Dataset excerpts:
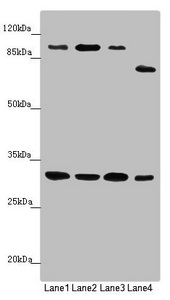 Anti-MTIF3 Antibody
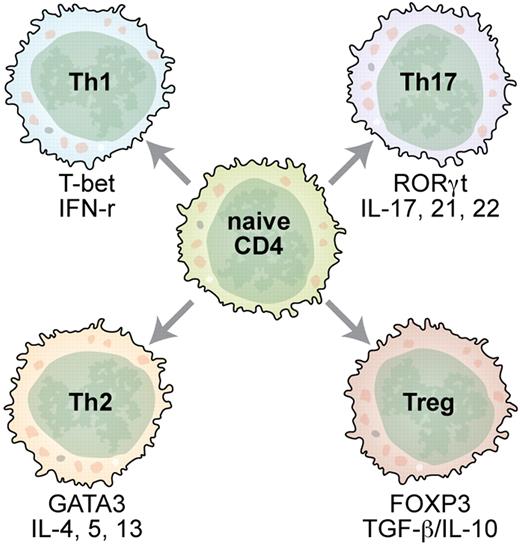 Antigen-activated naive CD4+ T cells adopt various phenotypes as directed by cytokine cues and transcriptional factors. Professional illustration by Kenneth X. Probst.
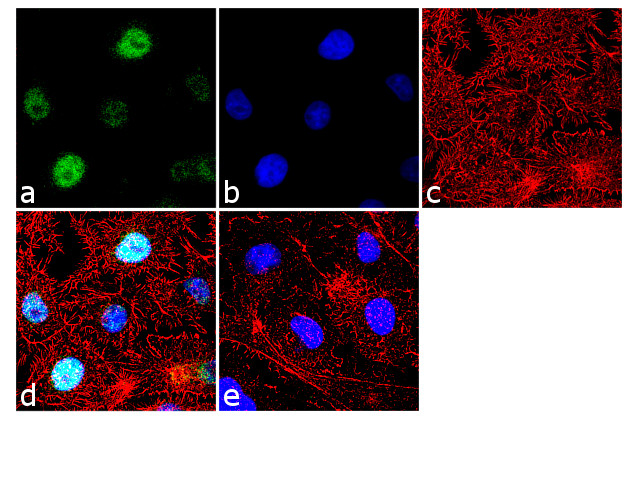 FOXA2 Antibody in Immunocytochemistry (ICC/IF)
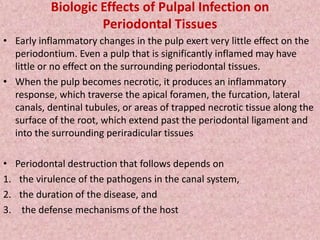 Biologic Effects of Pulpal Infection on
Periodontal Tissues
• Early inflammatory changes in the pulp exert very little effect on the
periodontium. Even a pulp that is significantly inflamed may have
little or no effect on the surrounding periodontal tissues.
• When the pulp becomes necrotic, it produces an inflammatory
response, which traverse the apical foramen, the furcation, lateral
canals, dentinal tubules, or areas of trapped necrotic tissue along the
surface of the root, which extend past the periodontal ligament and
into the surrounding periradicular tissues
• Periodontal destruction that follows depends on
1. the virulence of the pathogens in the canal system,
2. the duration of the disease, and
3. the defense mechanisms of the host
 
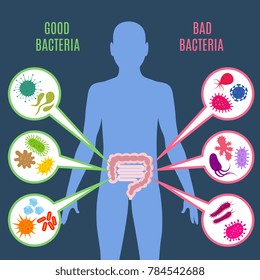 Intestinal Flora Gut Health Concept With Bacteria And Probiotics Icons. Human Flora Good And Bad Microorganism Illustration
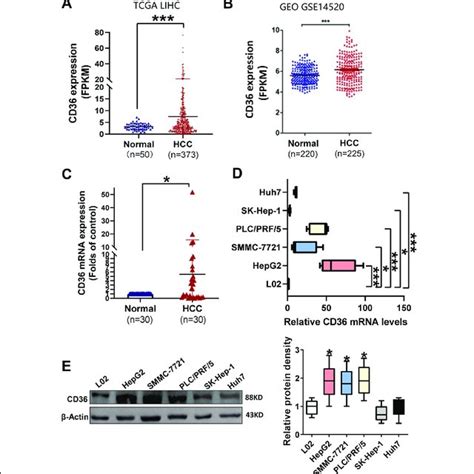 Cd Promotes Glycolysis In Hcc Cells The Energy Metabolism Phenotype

--

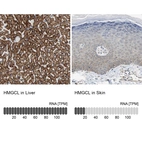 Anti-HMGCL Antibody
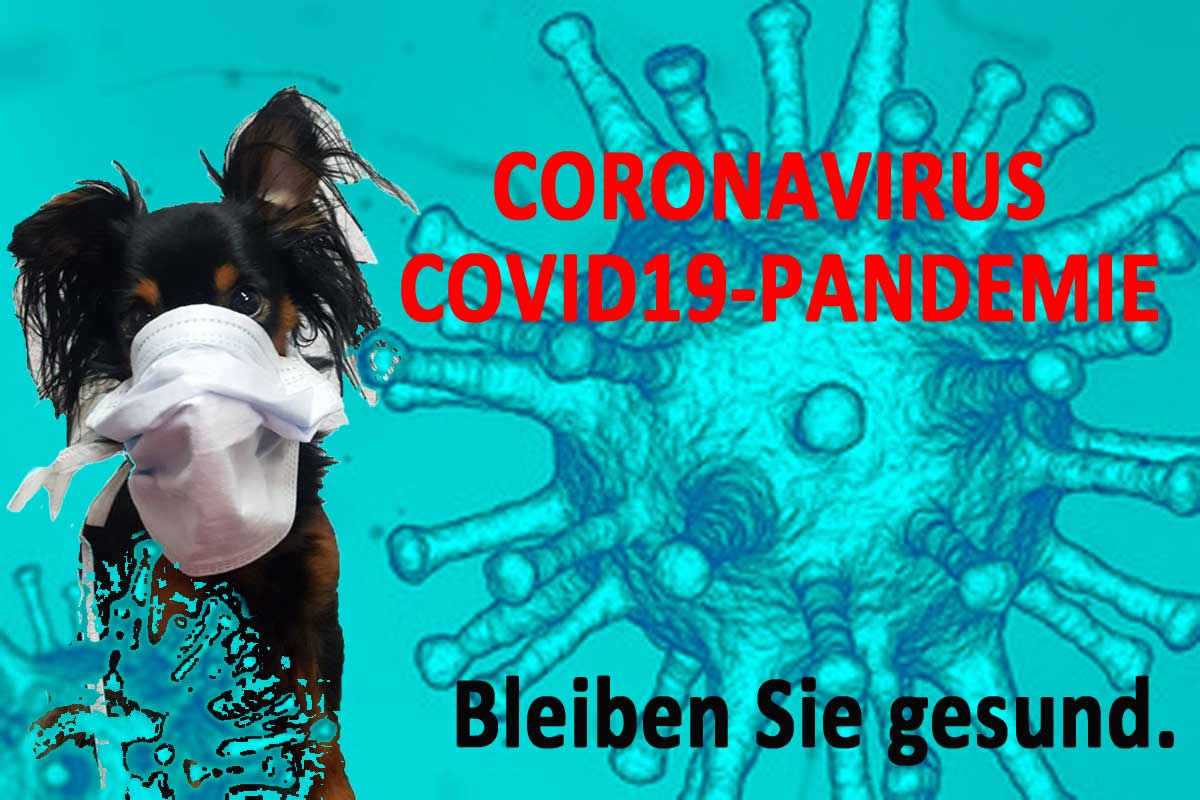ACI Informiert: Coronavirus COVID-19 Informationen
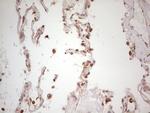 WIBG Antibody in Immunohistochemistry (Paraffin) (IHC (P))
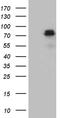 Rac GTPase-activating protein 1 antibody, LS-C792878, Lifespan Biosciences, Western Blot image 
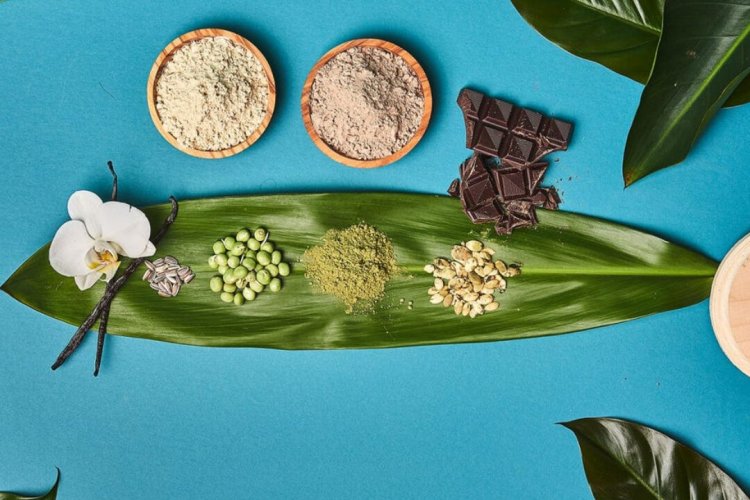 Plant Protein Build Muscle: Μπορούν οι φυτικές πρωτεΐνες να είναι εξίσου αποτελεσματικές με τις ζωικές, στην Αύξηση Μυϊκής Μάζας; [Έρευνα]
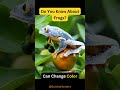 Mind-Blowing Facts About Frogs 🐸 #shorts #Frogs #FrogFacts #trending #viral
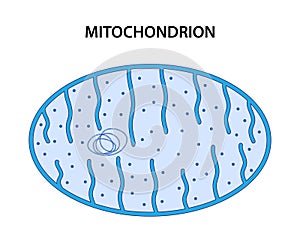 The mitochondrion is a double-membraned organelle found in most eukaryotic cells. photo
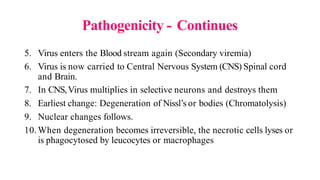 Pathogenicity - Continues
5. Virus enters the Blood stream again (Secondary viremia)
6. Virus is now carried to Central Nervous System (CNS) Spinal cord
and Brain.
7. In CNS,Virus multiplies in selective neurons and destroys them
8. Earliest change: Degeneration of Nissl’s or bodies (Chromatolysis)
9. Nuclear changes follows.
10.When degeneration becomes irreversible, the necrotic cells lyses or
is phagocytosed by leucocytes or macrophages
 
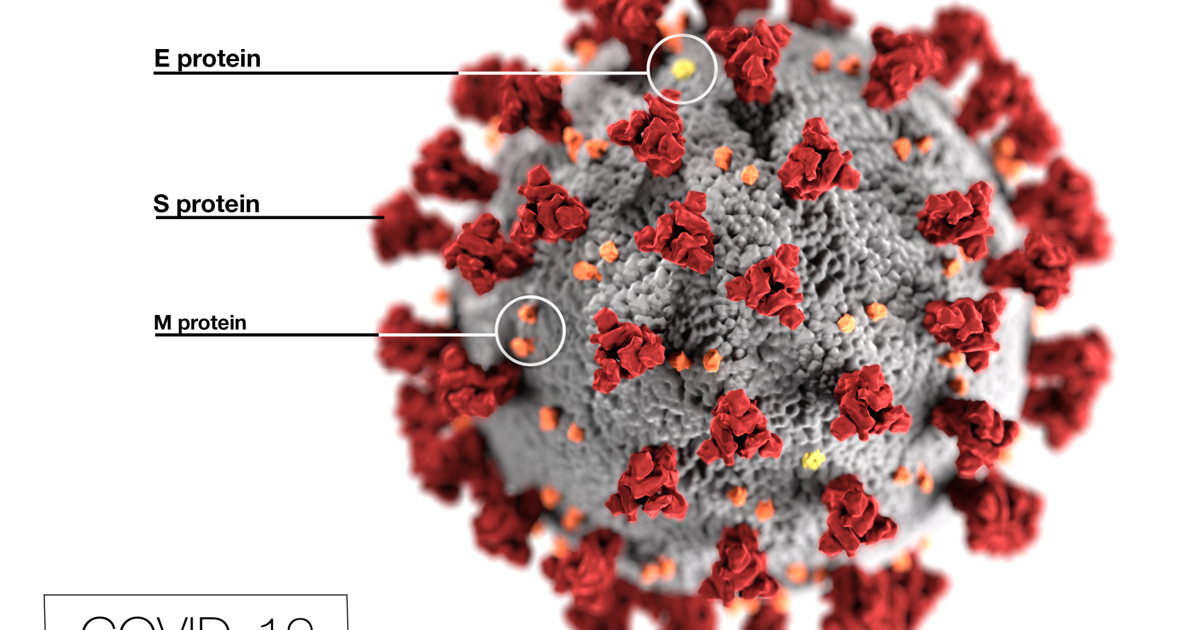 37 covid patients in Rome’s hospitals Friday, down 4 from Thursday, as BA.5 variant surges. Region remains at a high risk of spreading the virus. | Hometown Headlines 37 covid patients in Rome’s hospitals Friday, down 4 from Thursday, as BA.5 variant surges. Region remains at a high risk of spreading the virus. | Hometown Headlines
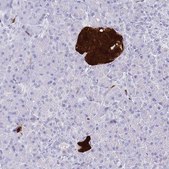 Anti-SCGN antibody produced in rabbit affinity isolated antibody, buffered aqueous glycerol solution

= EXERCISE AIM =
Using the records above, repeat exactly the run of lines that starts with the line with "Anti-MTIF3 Antibody" and goes on through the line with "FOXA2 Antibody in"; omit each picture.

= ANSWER AREA =
 Anti-MTIF3 Antibody
 Antigen-activated naive CD4+ T cells adopt various phenotypes as directed by cytokine cues and transcriptional factors. Professional illustration by Kenneth X. Probst.
 FOXA2 Antibody in Immunocytochemistry (ICC/IF)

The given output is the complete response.